--- Work to be completed ---
Could you copy exactly the lines below from the one with "Women's Naturalizer, Tilda Pump" to the one with "11622 N Madison St, Spokane, WA 99218", inclusive, leaving out any pictures?

--- Records supplied ---
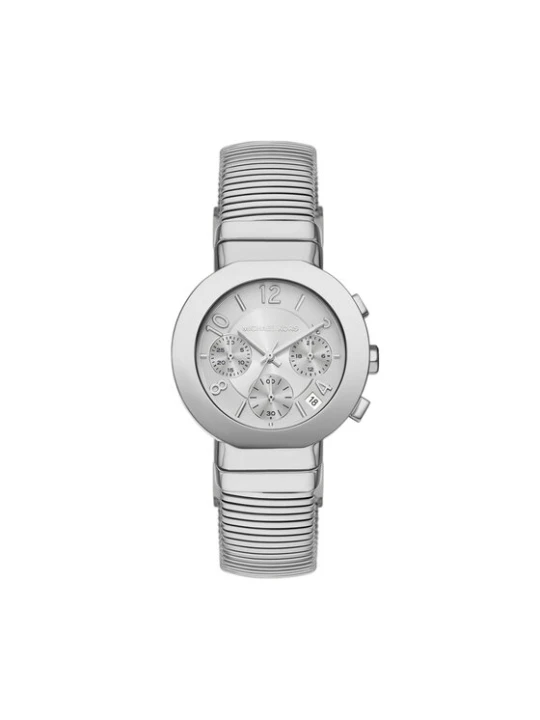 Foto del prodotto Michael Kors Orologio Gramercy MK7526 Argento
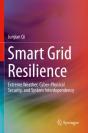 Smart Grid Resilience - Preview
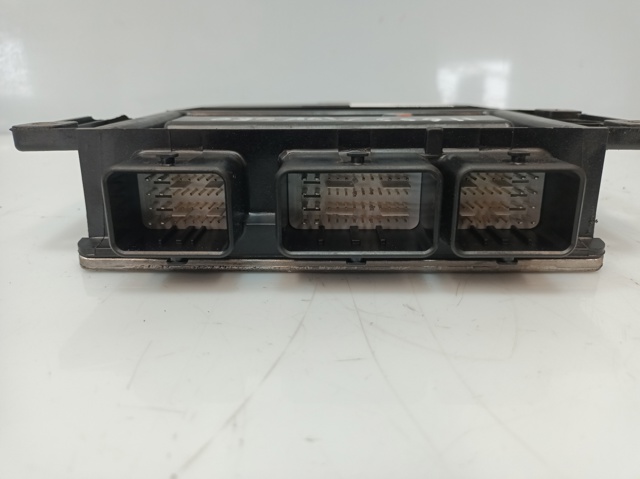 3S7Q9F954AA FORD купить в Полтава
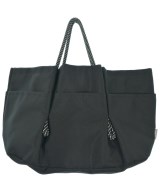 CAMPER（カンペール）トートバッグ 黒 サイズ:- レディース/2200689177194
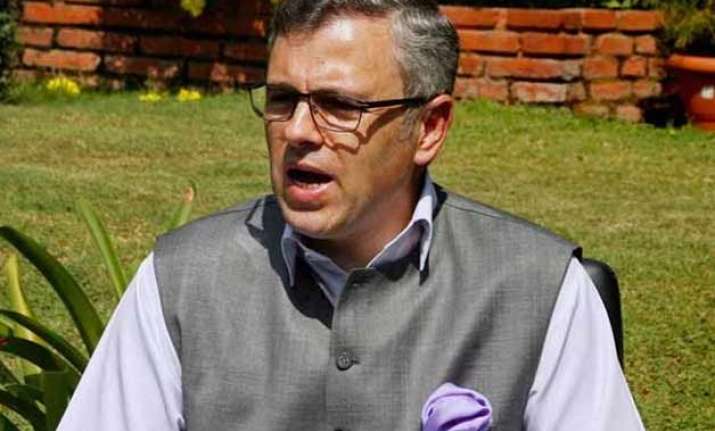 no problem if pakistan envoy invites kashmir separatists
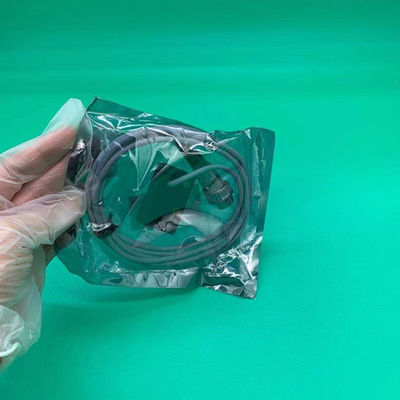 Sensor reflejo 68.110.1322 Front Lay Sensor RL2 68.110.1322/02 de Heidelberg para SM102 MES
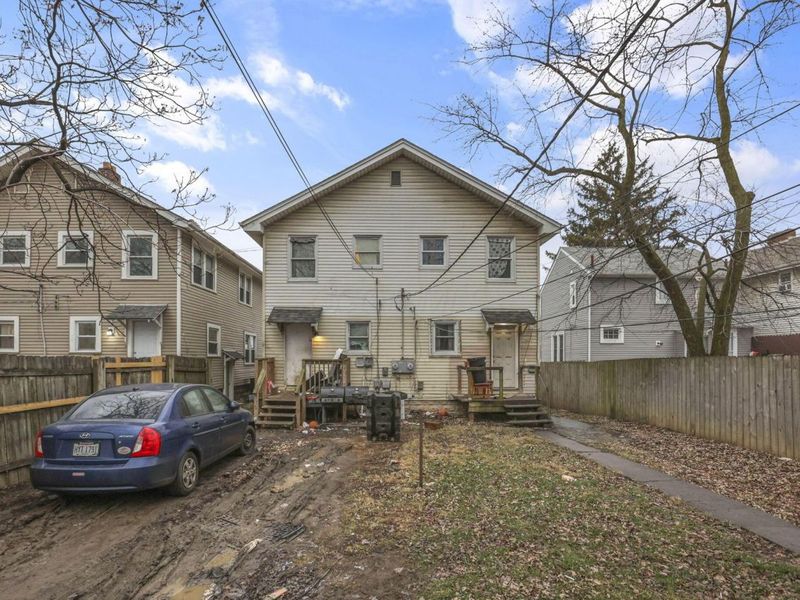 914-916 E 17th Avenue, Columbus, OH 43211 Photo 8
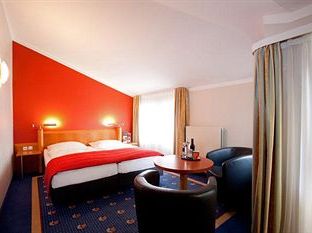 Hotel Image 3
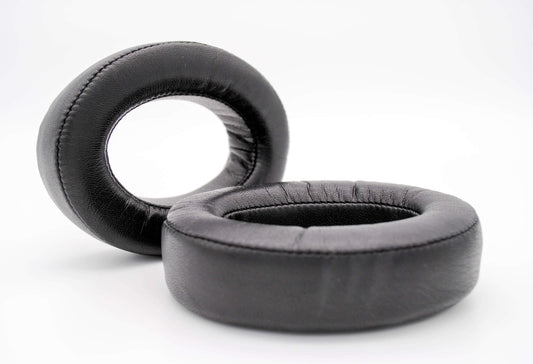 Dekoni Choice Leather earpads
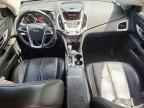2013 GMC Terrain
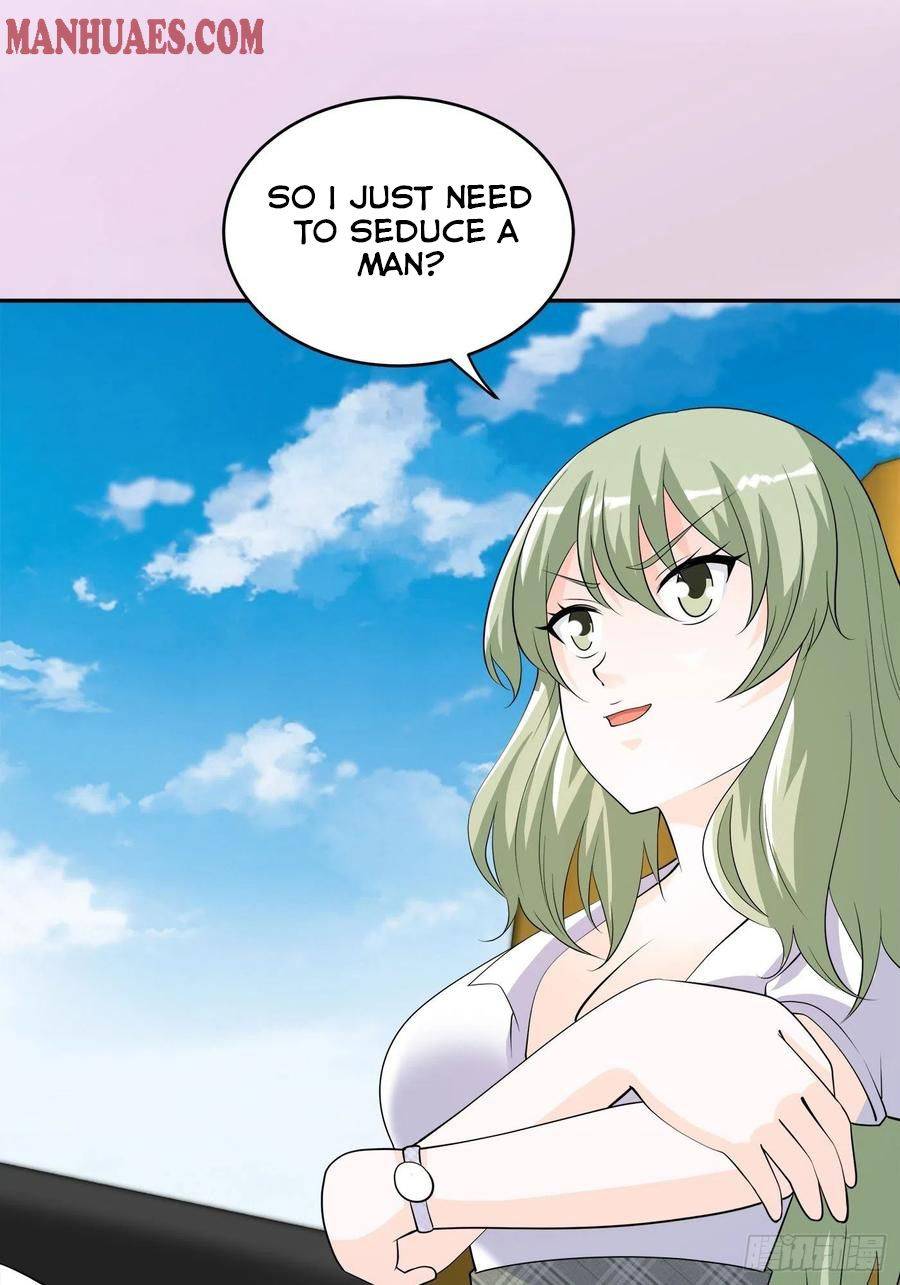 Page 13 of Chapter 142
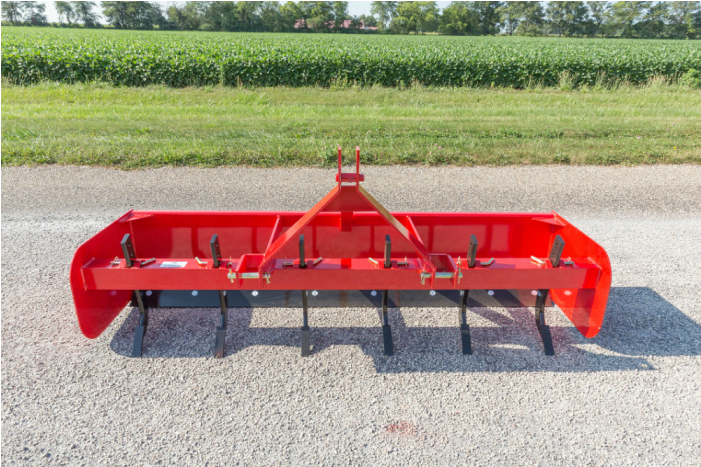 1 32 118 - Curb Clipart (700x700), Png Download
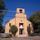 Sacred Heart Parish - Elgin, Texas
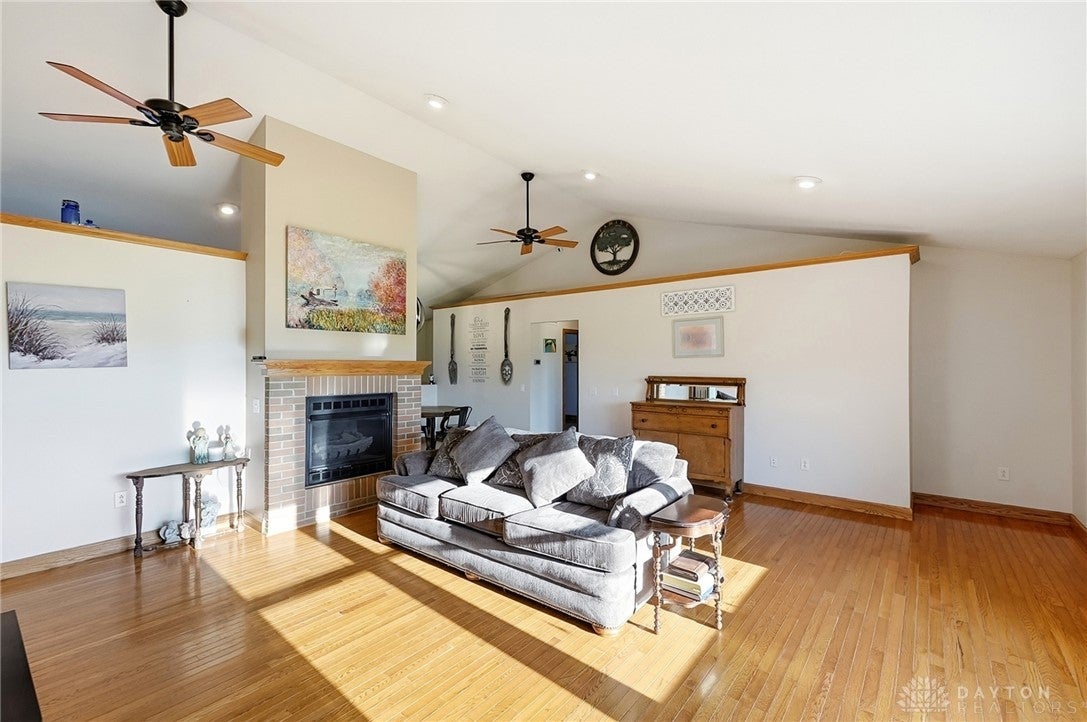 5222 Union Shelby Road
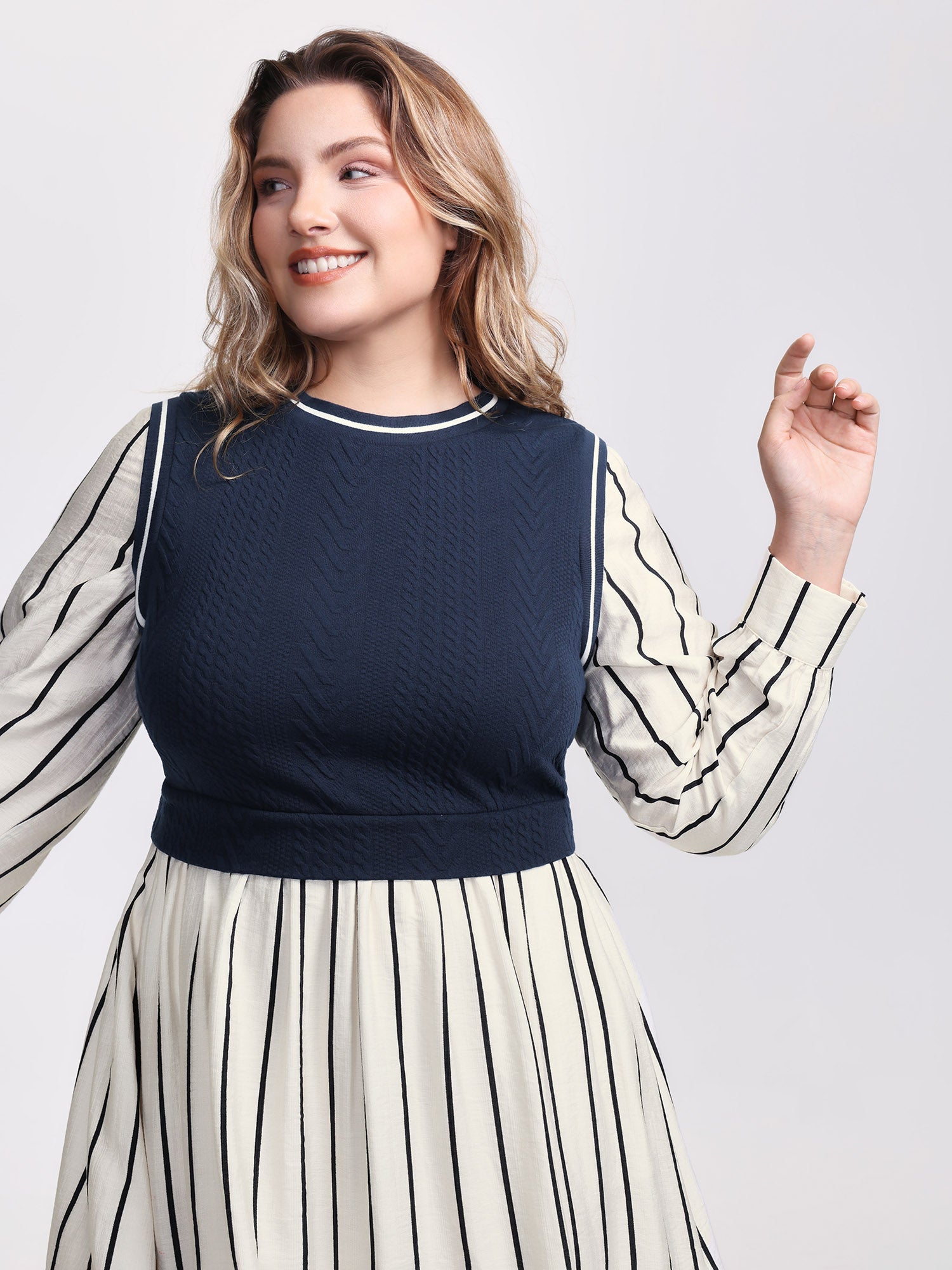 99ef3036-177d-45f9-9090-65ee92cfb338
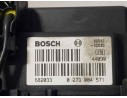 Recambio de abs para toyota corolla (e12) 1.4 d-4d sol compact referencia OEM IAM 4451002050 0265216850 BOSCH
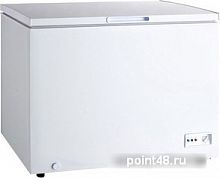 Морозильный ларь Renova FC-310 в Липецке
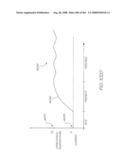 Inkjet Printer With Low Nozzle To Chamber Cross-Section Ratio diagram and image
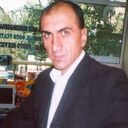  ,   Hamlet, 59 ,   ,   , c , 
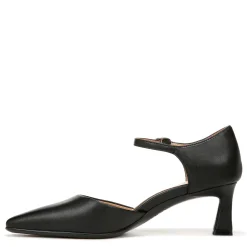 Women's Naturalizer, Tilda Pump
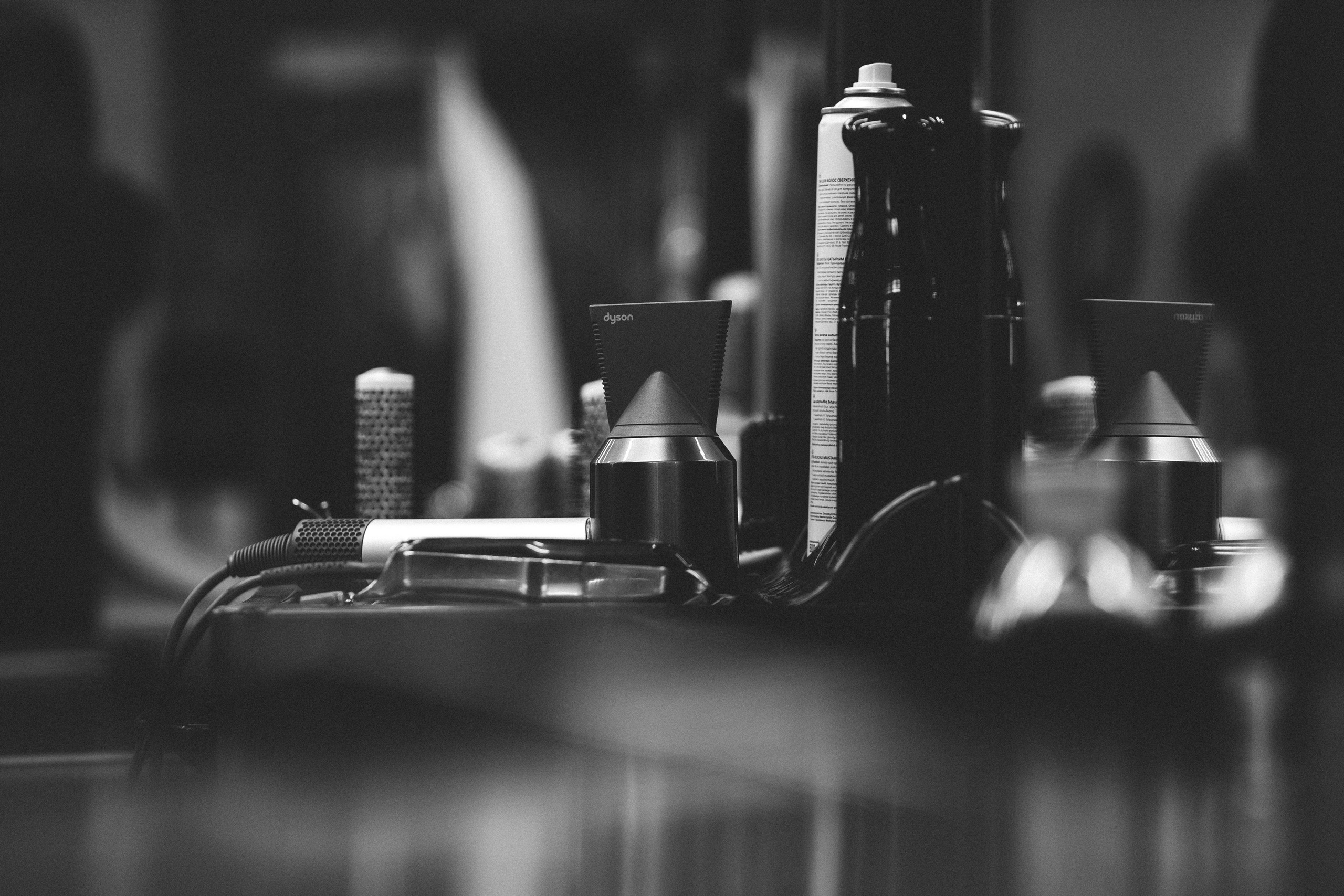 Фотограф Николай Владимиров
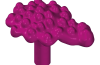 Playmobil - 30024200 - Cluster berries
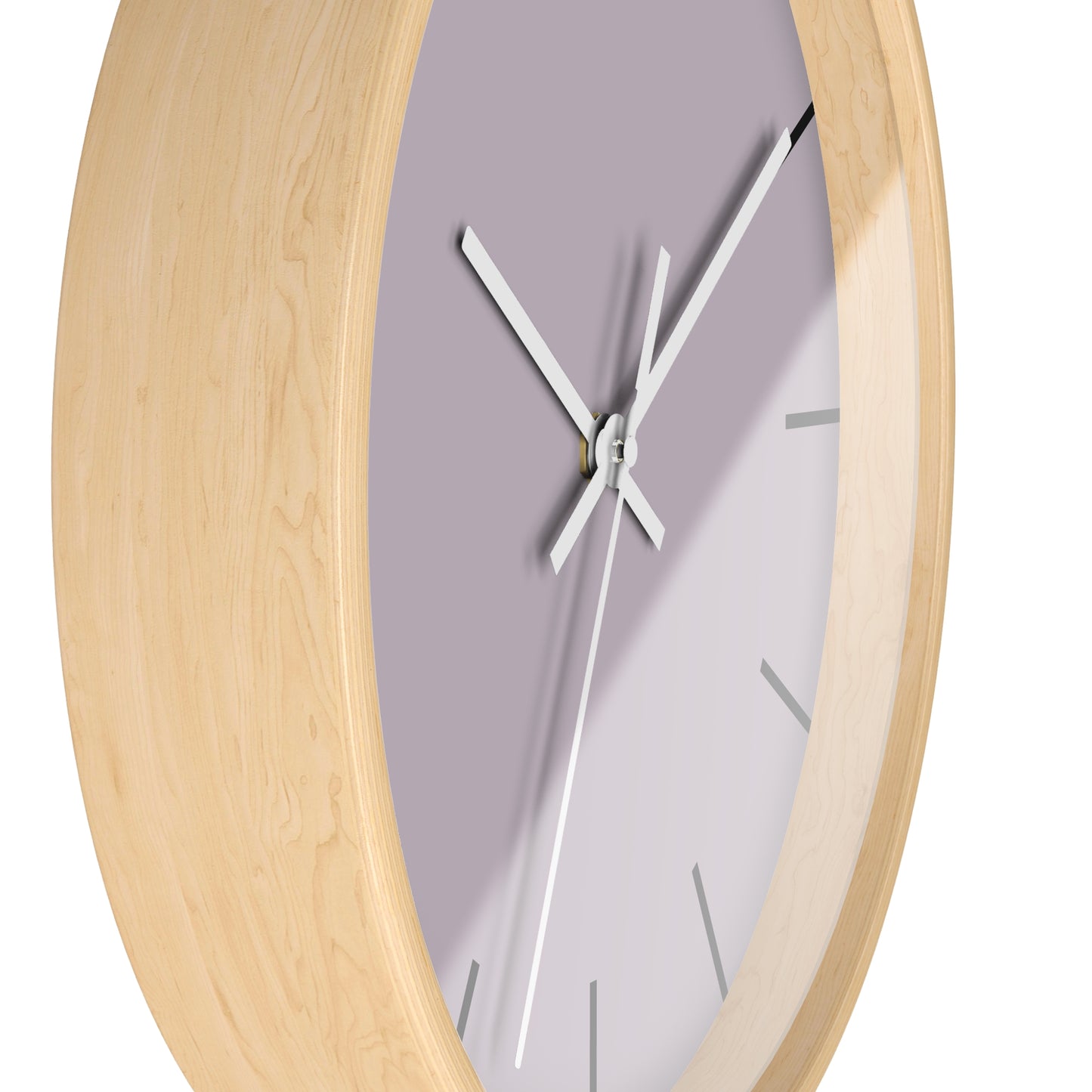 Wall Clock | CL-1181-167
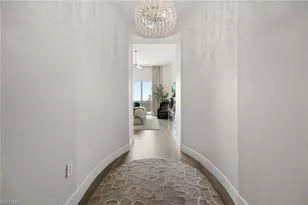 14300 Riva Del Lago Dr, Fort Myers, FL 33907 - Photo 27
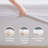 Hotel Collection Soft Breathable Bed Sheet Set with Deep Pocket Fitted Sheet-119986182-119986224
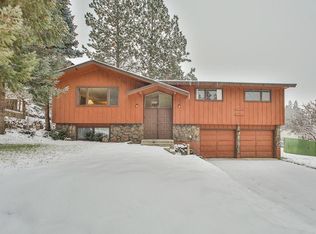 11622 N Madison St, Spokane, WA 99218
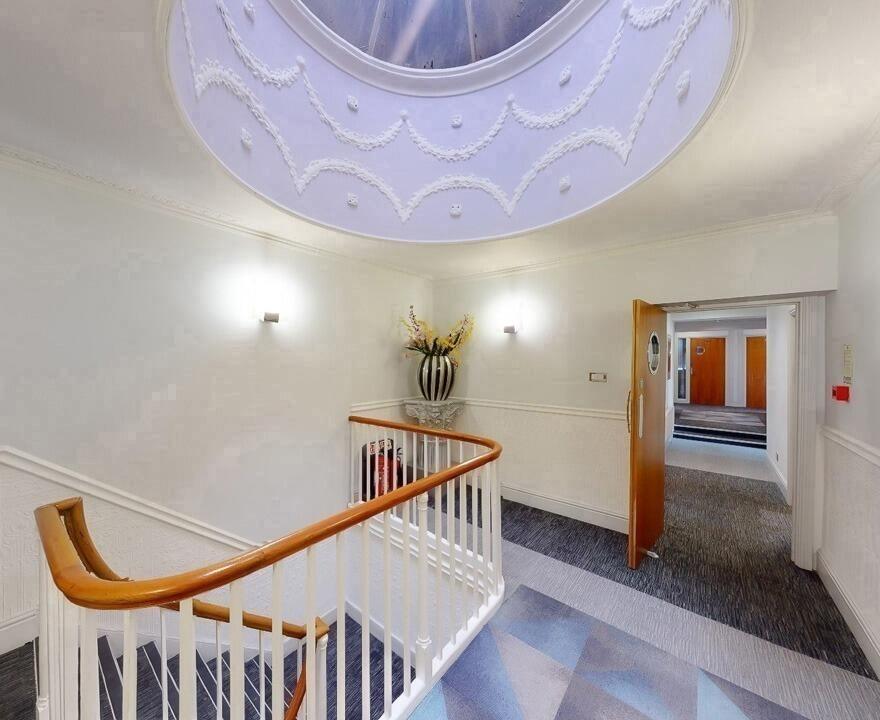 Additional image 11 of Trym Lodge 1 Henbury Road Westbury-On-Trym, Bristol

--- Your solution ---
 Women's Naturalizer, Tilda Pump
 Фотограф Николай Владимиров
 Playmobil - 30024200 - Cluster berries
 Wall Clock | CL-1181-167
 14300 Riva Del Lago Dr, Fort Myers, FL 33907 - Photo 27
 Hotel Collection Soft Breathable Bed Sheet Set with Deep Pocket Fitted Sheet-119986182-119986224
 11622 N Madison St, Spokane, WA 99218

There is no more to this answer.